> **SOURCE INFORMATION**:
= = =
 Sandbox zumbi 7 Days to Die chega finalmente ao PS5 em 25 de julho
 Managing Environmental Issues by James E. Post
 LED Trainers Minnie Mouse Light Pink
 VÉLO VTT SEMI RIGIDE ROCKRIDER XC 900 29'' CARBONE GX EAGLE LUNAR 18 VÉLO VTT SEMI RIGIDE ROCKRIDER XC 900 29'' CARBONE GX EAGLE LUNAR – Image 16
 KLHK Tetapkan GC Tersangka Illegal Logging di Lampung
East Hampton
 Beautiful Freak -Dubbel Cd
= = =
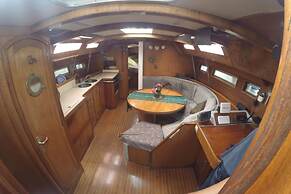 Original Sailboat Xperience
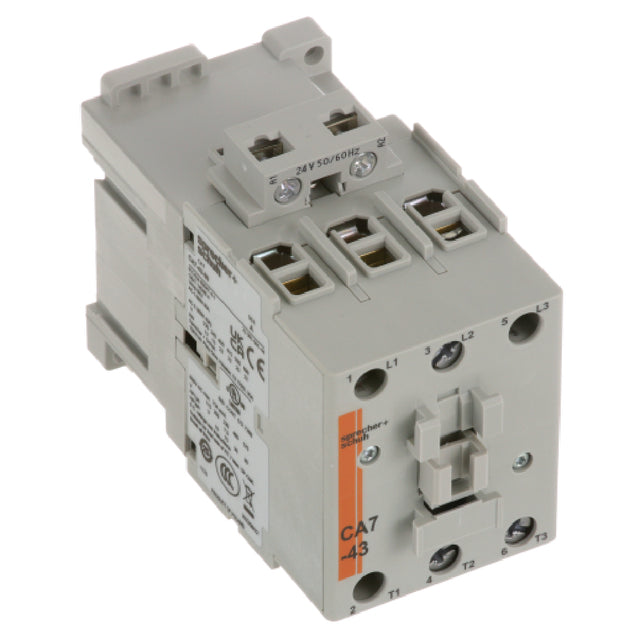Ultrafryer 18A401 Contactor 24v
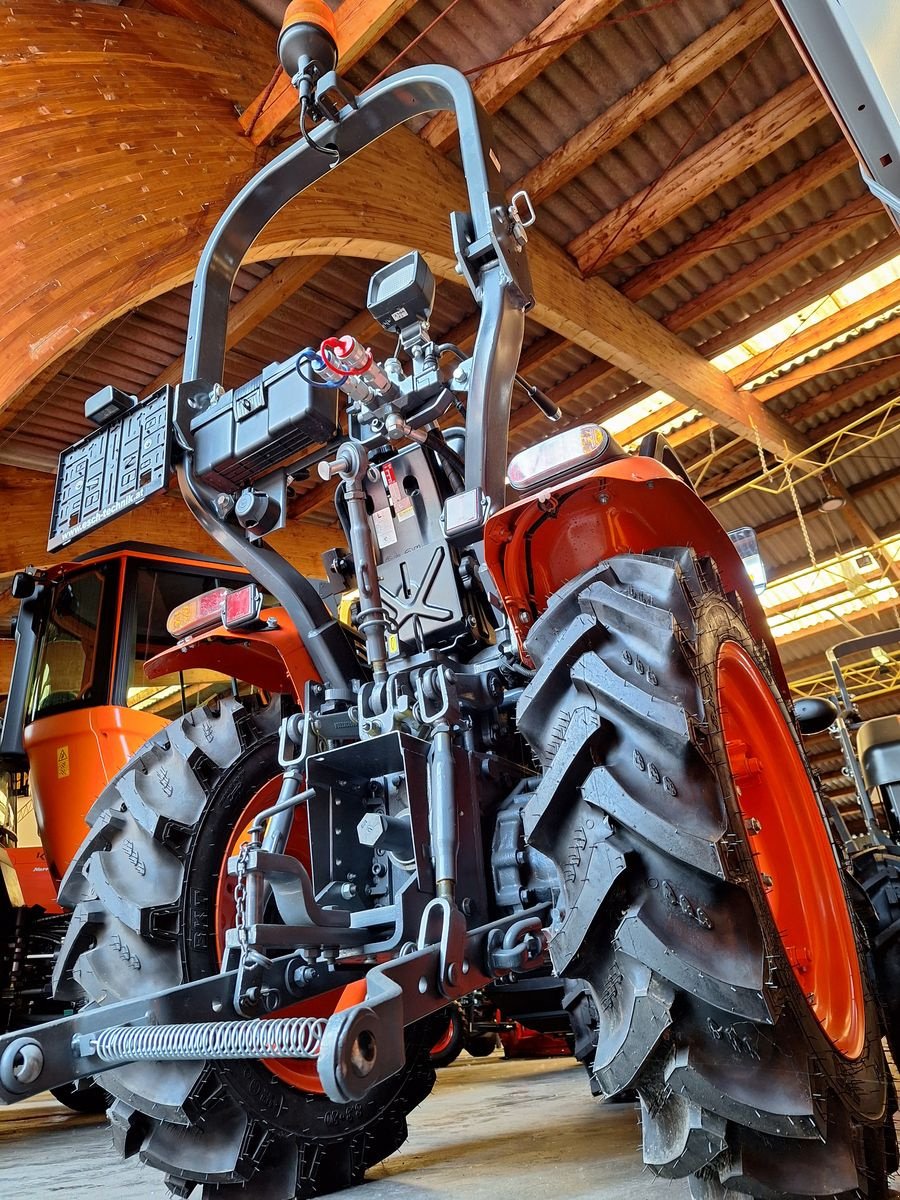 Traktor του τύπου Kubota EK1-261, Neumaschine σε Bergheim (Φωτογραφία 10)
= = =
> **WHAT IS REQUIRED**: Only one stretch of the entries above is wanted: the lines from the one containing "LUNAR – Image 16" through the one containing "Beautiful Freak -Dubbel Cd". Please reproduce it exactly.

> **TASK SOLUTION**:
 VÉLO VTT SEMI RIGIDE ROCKRIDER XC 900 29'' CARBONE GX EAGLE LUNAR 18 VÉLO VTT SEMI RIGIDE ROCKRIDER XC 900 29'' CARBONE GX EAGLE LUNAR – Image 16
 KLHK Tetapkan GC Tersangka Illegal Logging di Lampung
East Hampton
 Beautiful Freak -Dubbel Cd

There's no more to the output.